Koppel wrote seven 
                symphonies between 1930 and 1961. After 
                writing his first two symphonies his 
                next two followed in short order. 
              
 
              
This Third Symphony 
                is unsettled and exuding anxiety. 
                The music, said Koppel, reflects the 
                fears he had for his native Denmark 
                during Swedish exile. Koppel, with his 
                Jewish origins, had fled his homeland 
                from Nazi occupation. The Symphony is 
                in a single half hour movement. The 
                music is preoccupied with melody often 
                of a consolatory hymnal character (9.03) 
                against an emotion-bleached 'landscape'. 

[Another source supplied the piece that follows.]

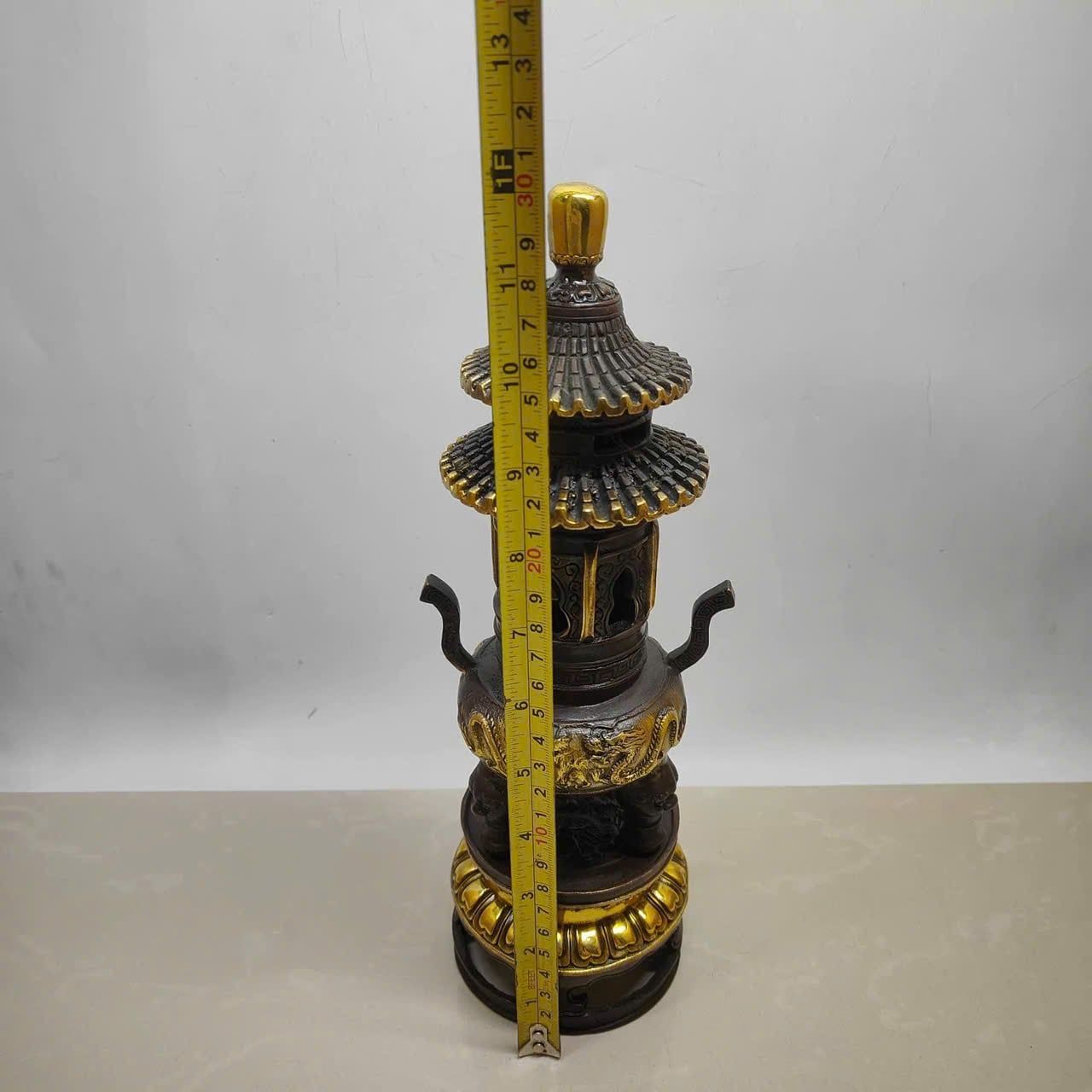  Tháp Trầm Cửu Long vẽ vàng BKMECN-9373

                There is room for some searingly cold 
                peck-and-chatter for woodwind which 
                works powerfully when counter-pointed 
                with tense but pliant writing for the 
                strings as at 11.40. This symphony can 
                be bracketed with the scalding heat 
                of the contemporary American symphonies 
                such as the Thirds of Diamond, Harris 
                and Schuman. There is little sign of 
                confidence in this music, consolation 
                perhaps (27.01 et seq) but the outcome 
                remains something feared rather than 
                hoped for. The tense quiet music in 
                which this symphony abounds finds echoes 
                and pre-echoes in the adagios of the 
                Shostakovich symphonies (10-12), in 
                Nystroem's Sinfonia del mare and 
                in Allan Pettersson's Symphonies 7-9. 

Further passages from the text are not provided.